Galvin v. McDermott Hyundai Limited, No. 31 53 56 (Jul. 8, 1994)

[EDITOR'S NOTE: This case is unpublished as indicated by the issuing court.] MEMORANDUM OF DECISION On October 10, 1990 the plaintiff purchased a 1990 Red 4-door Hyundai Excel from the defendant. She paid the purchase price in full at that time. The purchase order specifically provided that the motor vehicle was not warranted by David McDermott Hyundai, but was subject to a limited warranty of Hyundai Motor America for 36,000 miles or 36 months, whichever occurs first. (Exhibit A). Hyundai Motor America is not a party and has never been a party to this action. CT Page 7105

I. On March 1, 1991, the plaintiff had difficulty with her new car requiring that it be towed into the defendant's place of business. The problem was found to be a defective starter. The part had to be ordered. The repair was covered by the Hyundai Motor America warranty. The plaintiff was given a "loaner" vehicle, it being anticipated that the loan would be until March 4 at 5:00 P.M. (Exhibit 3). By that time the plaintiff had not returned the "loaner" nor had she been notified that her car was ready to be returned to her. On March 6, 1991, the plaintiff had an accident with a motor vehicle that left the scene. (Exhibit 4). The accident caused the "loaner" to be returned to the defendant. However, the plaintiff's car was not returned to her despite her numerous requests. The defendant kept possession of the plaintiff's car until June 10, 1991. The court has been unable to discern nor has the defendant offered a legitimate reason for its refusal to return the plaintiff's car. It is noted that the plaintiff's repair bill was fully paid by virtue of the warranty of Hyundai Motor America. The plaintiff's car was finally returned on June 10 when she retained an attorney who commenced a prejudgment-replevin action.
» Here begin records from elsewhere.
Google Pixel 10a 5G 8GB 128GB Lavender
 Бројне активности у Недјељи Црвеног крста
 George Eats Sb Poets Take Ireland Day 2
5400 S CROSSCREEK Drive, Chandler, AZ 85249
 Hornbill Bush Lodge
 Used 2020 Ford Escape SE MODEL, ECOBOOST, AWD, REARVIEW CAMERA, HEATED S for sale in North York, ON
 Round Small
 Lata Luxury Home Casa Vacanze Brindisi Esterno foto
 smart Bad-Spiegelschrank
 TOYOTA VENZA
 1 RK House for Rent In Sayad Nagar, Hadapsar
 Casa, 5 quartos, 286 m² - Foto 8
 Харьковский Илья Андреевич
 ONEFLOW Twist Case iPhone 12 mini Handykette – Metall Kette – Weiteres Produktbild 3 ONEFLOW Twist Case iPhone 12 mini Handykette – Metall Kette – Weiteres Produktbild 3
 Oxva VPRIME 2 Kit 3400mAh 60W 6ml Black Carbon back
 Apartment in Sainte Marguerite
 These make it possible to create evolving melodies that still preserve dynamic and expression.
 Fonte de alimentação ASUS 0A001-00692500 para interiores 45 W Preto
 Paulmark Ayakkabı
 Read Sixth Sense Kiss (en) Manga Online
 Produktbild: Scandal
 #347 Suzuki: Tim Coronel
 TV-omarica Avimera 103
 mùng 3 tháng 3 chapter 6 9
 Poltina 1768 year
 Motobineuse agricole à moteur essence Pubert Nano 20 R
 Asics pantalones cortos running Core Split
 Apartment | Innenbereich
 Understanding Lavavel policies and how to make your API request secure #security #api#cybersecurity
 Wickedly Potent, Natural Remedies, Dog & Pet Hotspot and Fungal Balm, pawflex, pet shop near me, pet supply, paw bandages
As a result of the aforesaid the plaintiff was totally without a motor vehicle. Her difficulties and inconvenience reached such a point that on April 17, 1991 she felt compelled to rent a car to June 10, 1991. (Exhibit B). The total rental fees paid by the plaintiff amount to $1,469.56. It is the court's view that she suffered an additional $1,000.00 damages for the period March 6, 1991 to April 14, 1991.

II. In December 1991, while operating her car in I-91, the car engine developed a problem which caused a minor fire. The car was towed to the defendant's place of business. The plaintiff assumed that the repairs would be under warranty. However, when the damaged motor was examined by the defendant's employees and by an inspector from Hyundai Motor America, it was their determination that the initiating cause of the trouble was that an object from outside the vehicle had forcefully struck the engine casing causing a hole to be driven inward. The result was oil leakage and the eventual breaking of two connecting rods causing further inward-outward impacts on the engine casing. The inspector from Hyundai CT Page 7106 Motor America refused to accept the plaintiff's claim as valid under the warranty.

The plaintiff did make a claim under her own insurance policies but the claim was denied apparently because the plaintiff did not have collision coverage. The plaintiff had her car towed to North Haven to the Complete Auto Repair Shop. It is again noted that Hyundai Motor America is not a party to this action nor is there any evidence before this court that McDermott Hyundai Limited was requested to do the repair work on the plaintiff's credit or that it made any offer to do so.

III. In addition to the damages set forth in part I of this memorandum, the plaintiff claims damages under C.G.S. § 42-110g. As previously noted the plaintiff's car was withheld from her from about March 6, 1991 to June 10, 1991. It is clear that such withholding by the defendant caused the plaintiff much grief, trouble, inconvenience and distress during that period.

In addition the defendant, while the plaintiff's car was in its care and possession in December 1991, allowed it to be in a position or place where it could be and was, at least to some extent, stripped, causing the plaintiff great anguish. Such action or lack of action by the defendant, in the view of this court, devastated the plaintiff. The court will award her $3,500.00 damages for this element.

Finally, in the view of this court the plaintiff is entitled to attorney fees. The court notes that the plaintiff's attorney apparently had this matter resolved with defendant's attorney before any action was brought only to have her efforts fall apart. The court will award $2,500.00 counsel fees.

To recapitulate, the court finds that the plaintiff was damaged to the extent of $2,469.56 on the first count, $3,500.00 on the third count, plus counsel fees of $2,500.00.

Judgment may enter for the plaintiff in the total amount of $8,469.56.